Un obstacle supplémentaire, autre que technologique, pour la "mutation" cybernétique de l’espèce humaine sera plutôt d’ordre psychologique et culturel. Mais, avec le temps, on trouvera toujours de bonnes raisons de changer nos points de vue pour finir par penser comme le personnage central
d'"Isolation" de Greg Egan : "Pensez-vous honnêtement que le câblage de notre cerveau, qui nous vient de la sélection naturelle, des aléas de notre vie et de nos efforts - en grande partie inefficaces - pour nous changer "naturellement" est un parangon de perfection ? D'accord, nous avons passé des milliers d'années à inventer des raisons religieuses et pseudo-scientifiques ridicules pour que ce que nous ne pouvions pas contrôler nous semble pour le mieux dans le meilleur des mondes. Dieu a dû faire un travail parfait - et si ce n'est pas Dieu, c'est l'évolution ; dans les deux cas, toute altération serait un sacrilège. Et ça va prendre longtemps pour que notre culture s'extirpe de toutes ces conneries. Mais regardez la vérité en face : toutes ces excuses dépassées ne servaient qu'à nous éviter de désirer ce que nous ne pouvions pas obtenir."
Et bientôt, si les civilisations technologiques perdurent, nous pourrons l’obtenir.
Il ne s’agit pas ici de s’enthousiasmer pour les progrès technologiques ni de les dénoncer mais de simplement constater que ces choses entrent dans le champ des possibles. Et il y a inévitablement des leçons à tirer de ces réalités sur notre compréhension du réel et notre vision indécrottablement essentialiste des choses de la vie.
Les manipulations technologiques amènent aussi les scientifiques à créer (ou découvrir) des états de la matière jusque-là inédits — comme pour les réseaux de neuronium. Ou tout au moins à en mettre certains états, préexistants mais n’entrant dans aucune catégorie, en évidence. Avec la culture de tissu, on pourra aussi se faire cultiver des organes de rechange en dehors de notre corps à partir d’une simple cellule, et c’est encore les limites intimes de l’individu qui seront remises en cause. Ce sont des frontières entre des états et des catégories qui nous semblaient pourtant indéboulonnables, comme les frontières entre le vivant et le non-vivant. Le collectif TC&A a travaillé sur la notion d’entités semi-vivantes (Tissu Culture & Art - Oron Catts, Ionat Zurr & Guy Ben-Ary). «Cette émergence d'une nouvelle catégorie d'êtres/objets, située sur la ligne de fracture de nos visions dichotomiques du continuum de la vie, pourrait devenir de plus en plus évidente à mesure qu'augmentent nos capacités de manipulation du vivant. Puisque ces créations seront dotées de plus ou moins de vie et de sensibilité, nous établirons de nouvelles relations avec nos objets, notre environnement et avec le concept même de vie.
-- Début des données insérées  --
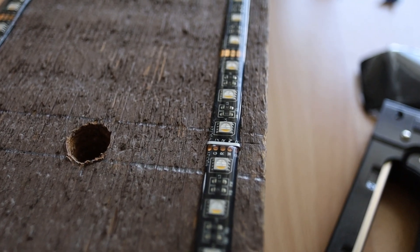We bought some LED tape, specifically BTF Lighting RGBW. We used about a roll and a half of that. I'll link all of these in the description.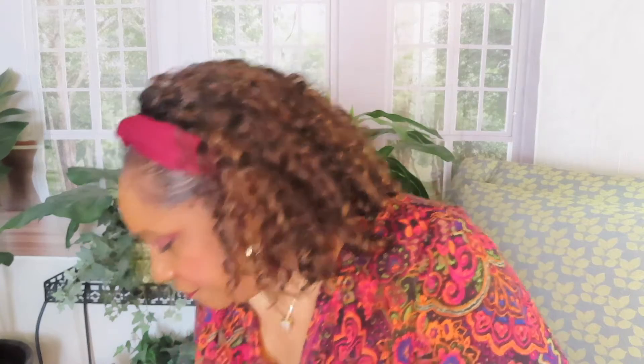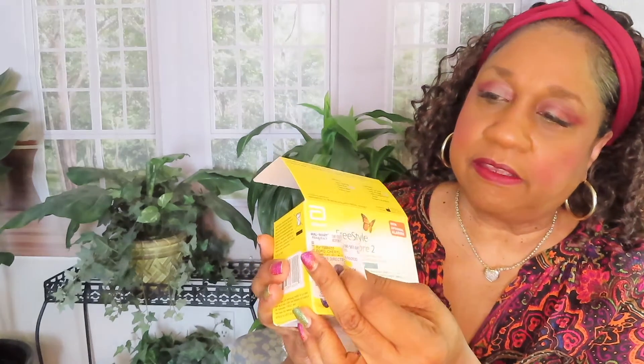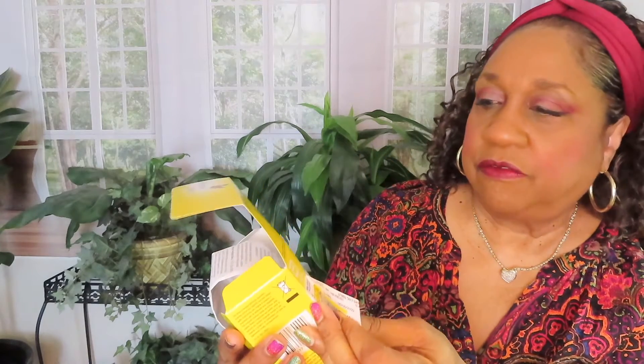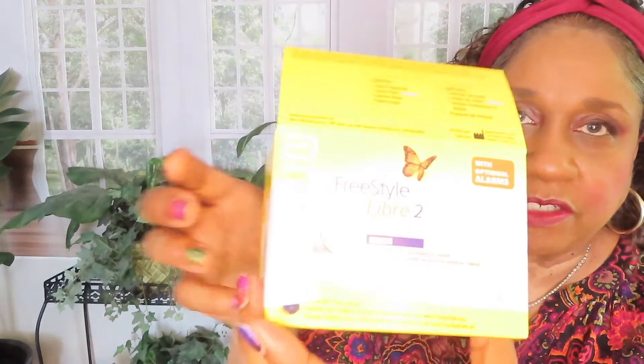I'm going to talk about this Freestyle Libre 2 meter that I'll be using instead of doing finger sticks. I'll show y'all what the box looks like — I'm pulling off my prescription thing. I got a picture of it on the box. I haven't put it on yet. Here's the picture of it — a little disc. It's about the size of a quarter.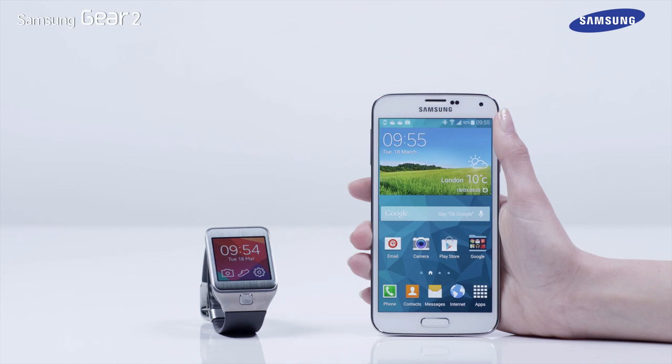That's it. You've just learned how to use the heart rate monitor of the Galaxy Gear 2 device.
Des parties de notre corps (actuellement de simples fragments) pourront êtres maintenues hors de nous comme des entités autonomes indépendantes. Quelles sortes de relations allons-nous établir avec ces entités ? En prendrons-nous soin ou en abuserons-nous ? Où les entités semi-vivantes vont-elles être situées dans le continuum de la vie, et comment cela affectera-t-il notre système de valeurs concernant les organismes vivants, y compris notre propre corps (malade et sain) et notre conception du moi.»
Dans leur performance "Cuisine Désincarnée", T.C&A opère une biopsie (prélèvement chirurgical d'un fragment de tissu du corps vivant) sur une grenouille pour ensuite cultiver les cellules dans un "bioréacteur" et constituer ainsi de la viande "sans victime". Une fois les cellules prélevées, la croissance est infinie tant que le steak en devenir se trouve dans le "bioréacteur", on peut parfaitement imaginer une montagne de viande créée à partir de quelques cellules microscopiques. Et la manger.
Une étudiante végétalienne du cours Vivoart du groupe T.C&A a, elle, décidé d'aller plus loin dans l'expérience : «Elle a suggéré de prélever une biopsie de ses propres cellules, plutôt que d'infliger un stress physique et psychologique (même temporaire) à un autre animal. Nous pourrions ainsi cultiver des steaks faits de notre propre chair.»